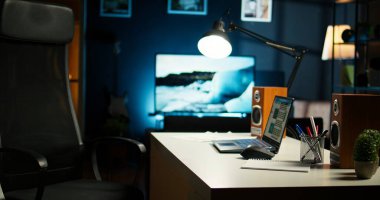 Geniş bir ev ofisi ve ahşap mobilyaları olan şık bir daire, rahat bir TV salonu, dekoratif ev bitkileri ve minimalist bir tasarım modern konforlu bir çalışma alanı ve yaşam alanı oluşturur..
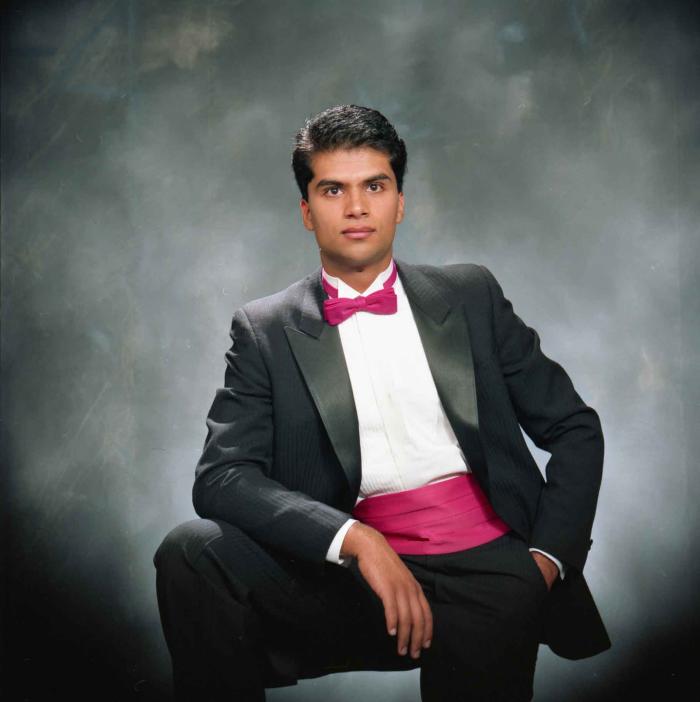 [Photo of Raj Gill]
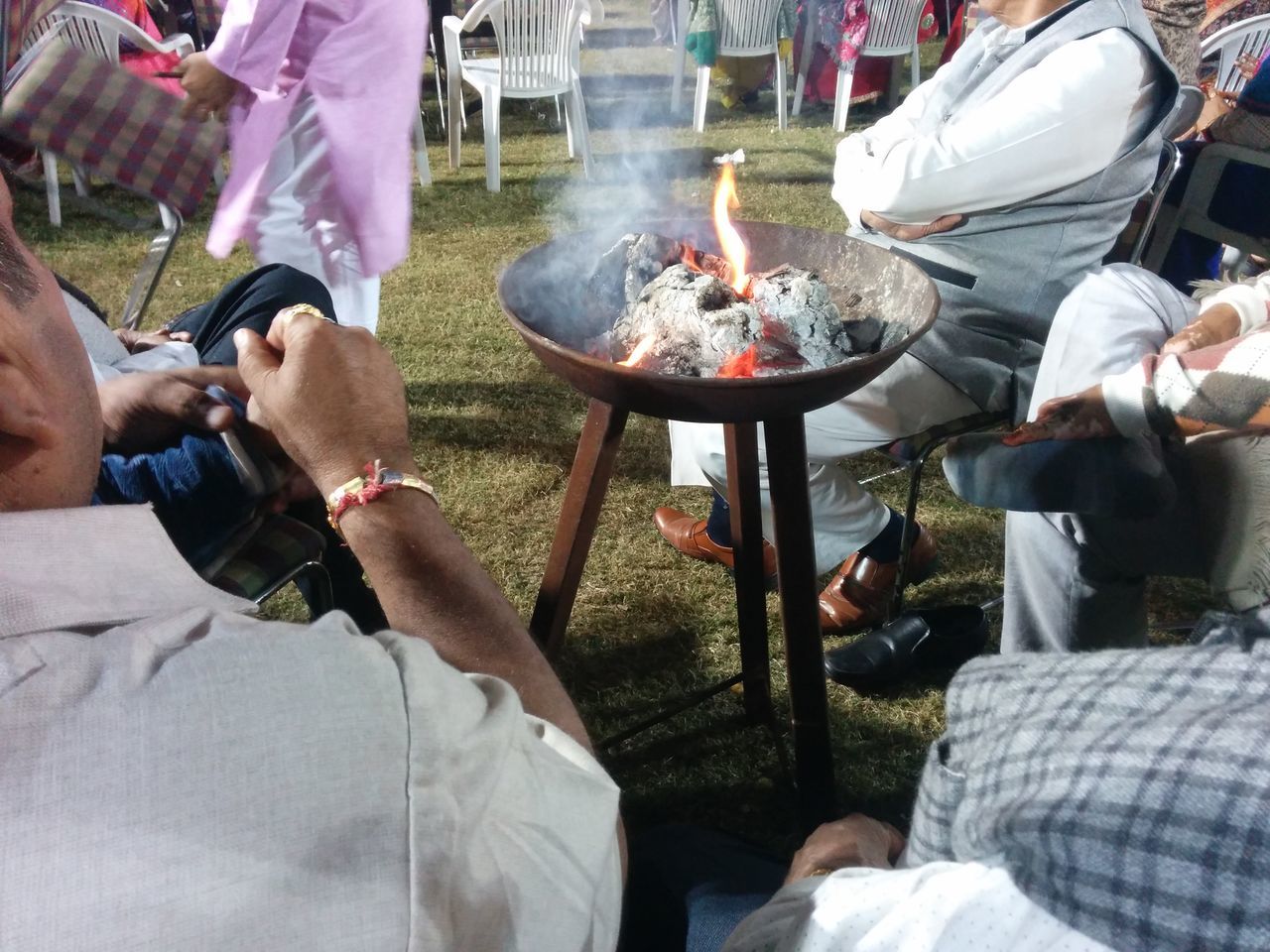 Man sitting near fire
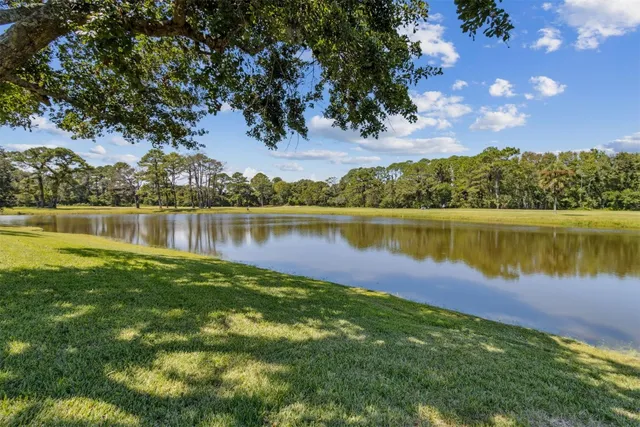 a view of a lake in between the city and lake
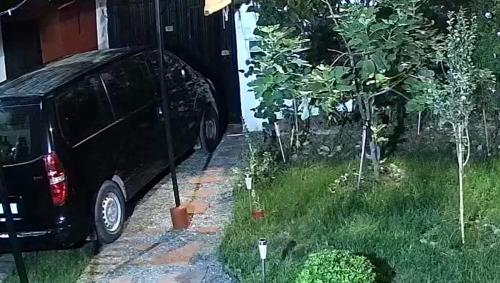 a black car parked next to a house with trees at Villa Dar Lghzal Summer Promo Airport Pick-Up & Private Dining in Heart of Rabat in Rabat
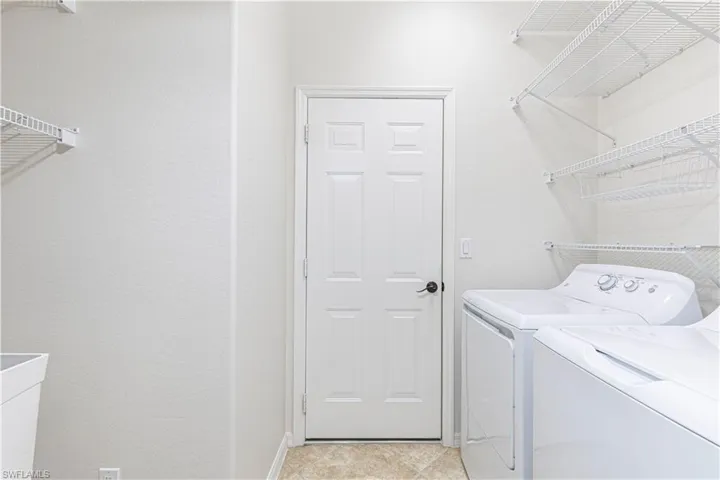 Laundry room with baseboards, laundry area, and washer and dryer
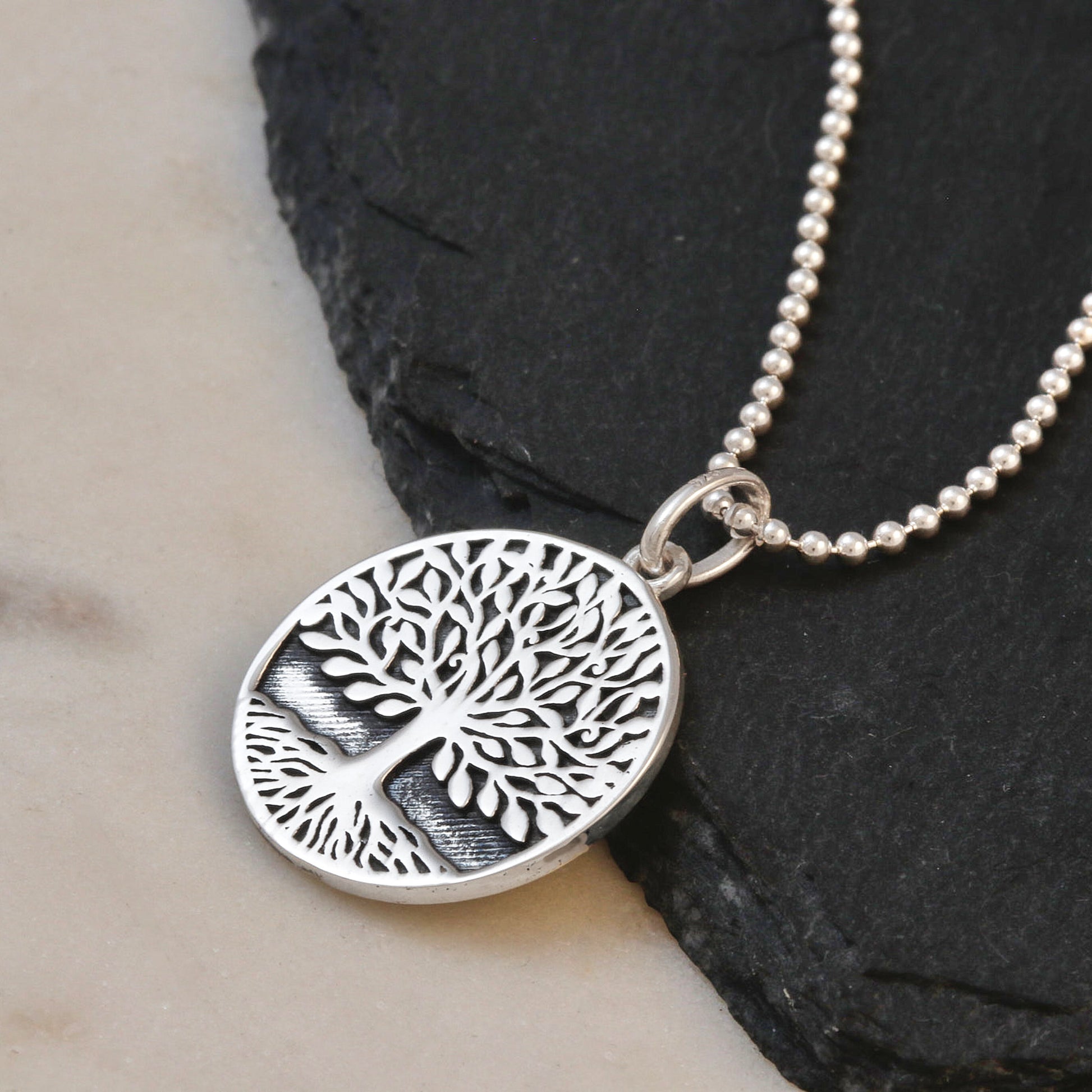 Silver tree of life pendant necklace on a dark stone surface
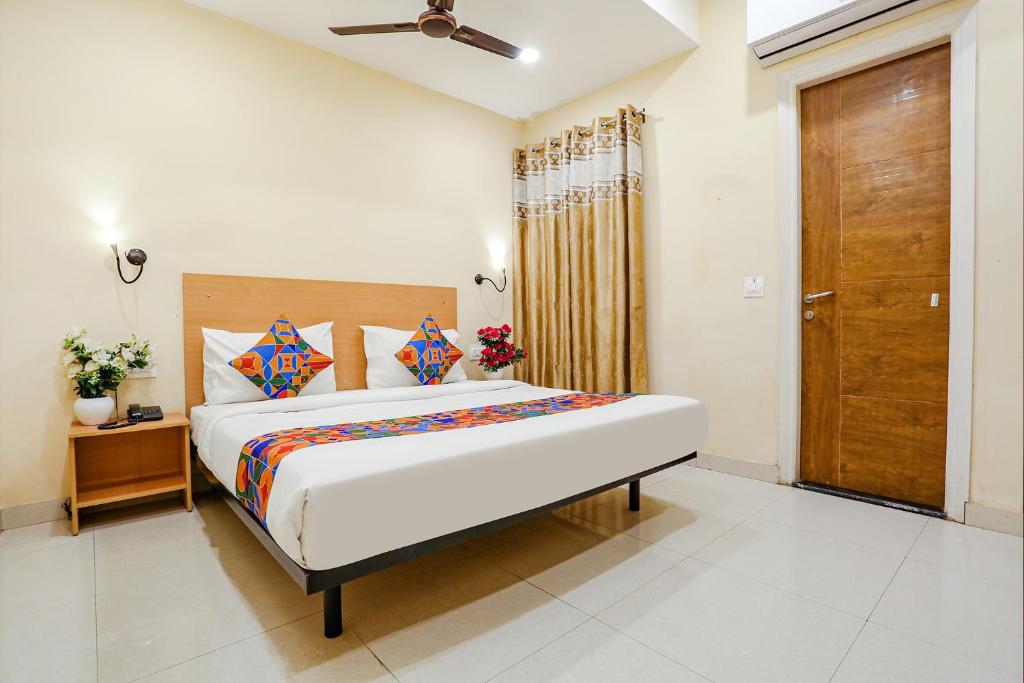 una camera con un grande letto e una porta in legno di FabHotel GK Residency a Nuova Delhi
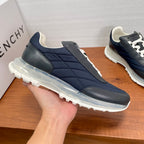 Givenchy navy sneaker with white laces, quilted side panels, and thick outsole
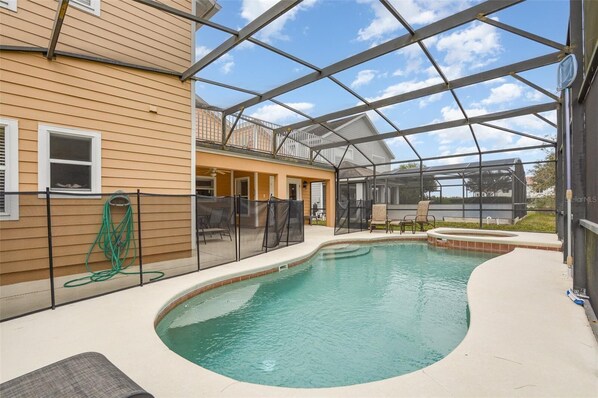 A covered outdoor swimming pool with a curved design, surrounded by a fence and a house.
======
Your answer must be the lines from the one containing "una camera con" through the last line of the listing above, restated word for word, with no pictures.

 una camera con un grande letto e una porta in legno di FabHotel GK Residency a Nuova Delhi
 Givenchy navy sneaker with white laces, quilted side panels, and thick outsole
 A covered outdoor swimming pool with a curved design, surrounded by a fence and a house.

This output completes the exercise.